OK, here comes the violence. The Maenads enact their rage at the intrusion of the Herdsman and his buddies by ripping apart the men's cattle. This horrific dismembering could also be seen as a sacrifice to Dionysus.

Herdsman:
"The villagers […]
took up arms against the manic ones [Maenads]
Then what a spectacle, my king, how sinister!
Their spear points drew no blood!" (119)

The villagers are completely defenseless in the face of the Maenads. When they try to meet the crazed women's violence with violence, they only bring more destruction on themselves. It seems there is no fighting with the will of the gods.

Dionysus:
"you must not take up arms against a god." (122)

No kidding. Dionysus, in the form of the Stranger, warns Pentheus again and again not to try and use violence against Dionysus's followers. It's the same thing as trying to strike at Dionysus himself. The central spine of The Bacchae is a chain of increasingly violent reactions from the god and his followers against Pentheus's blasphemies.

Pentheus:
"a most appropriate sacrifice
women's blood and massacre in the glens of Cithaeron." (125)

The King seems to be fully prepared to slaughter all of Maenads. Wait, aren't they his own people? Aren't his mother and aunts the leaders? It seems that Pentheus's obsessive refusal to accept the ways of Dionysus has turned him into a real monster.

Dionysus:
"Pentheus murdered in his mother's grasp
will come to know full well at last
Dionysus, son of Zeus, a god indeed" (170)

Dionysus lays his plan for punishment right out there. When Pentheus dies at the hands of his own mother it's no surprise. Of course, Euripides didn't risk ruining the ending for his audience since they all knew the myth anyway. The harsh violence of Pentheus's death is still pretty shocking, though, once the playwright gets done describing the grisly details. In ancient Greek tragedies, it was not what happened that the audiences came to see, but how it happened.

Messenger:
"Gripping his left hand and forearm
and purchasing her foot against the doomed man's ribs,
she dragged his arm off at the shoulder" (225)
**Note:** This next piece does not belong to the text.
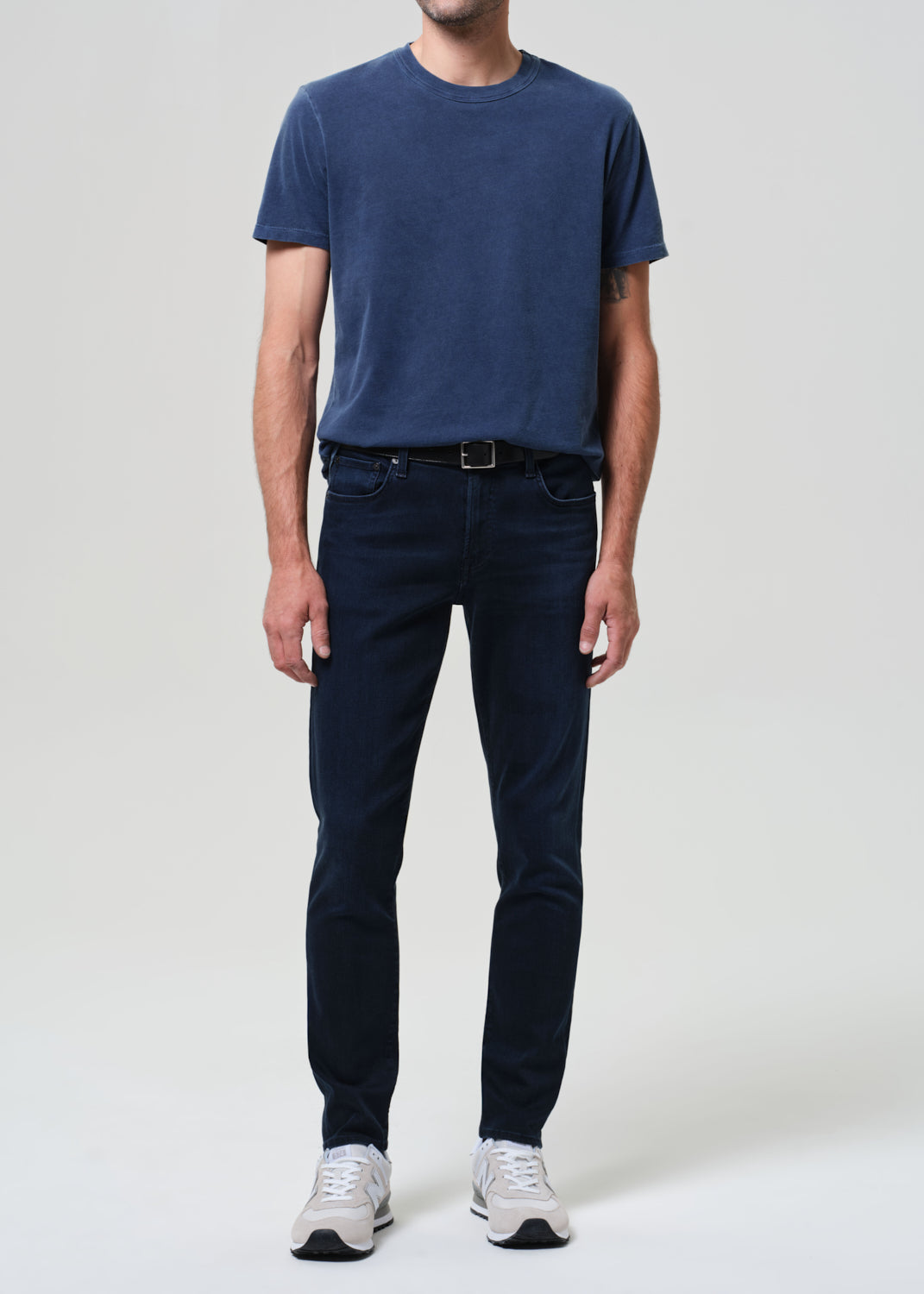 Person wearing a blue tee with dark blue jeans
Not only is Pentheus killed by his own mother, but he is also literally ripped apart. The horrific violence of this act is a punishment for both of them. It's also a spiritual act. Just as earlier in the play cattle were dismembered in the name of Bacchus, now a human being is sacrificed for the sake of the god.

Agave:
"Celebrate my hunting prowess." […]
Cadmus:
"Murder is what your tragic hands have done.
Beautiful the victim cut down by the gods:
the sacrificial feast you call me to and Thebes." (263)
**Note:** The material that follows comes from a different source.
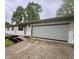 Close up of a single-story house with a two-car garage and landscaped front yard at 4718 Tempe Ct, Indianapolis, IN 46241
Here we have the same violent act of Agave dismembering her son described in three different ways. Agave calls it hunting, while Cadmus relates it to murder and sacrifice. What's the difference between the three acts do you think? How do you separate one from the other?

Cadmus:
"he [Cadmus] must lead barbarian mongrel hordes against our Hellas" (319)

Cadmus is doomed to live a life of violence. He must lead foreign soldiers in battles against other Greeks. We wonder why this particular fate was put on the old man. It doesn't quite seem to have the same ironic twist as the rest of the play. Some scholars think that this ending was added in later years after Euripides's death, which would explain its incongruity.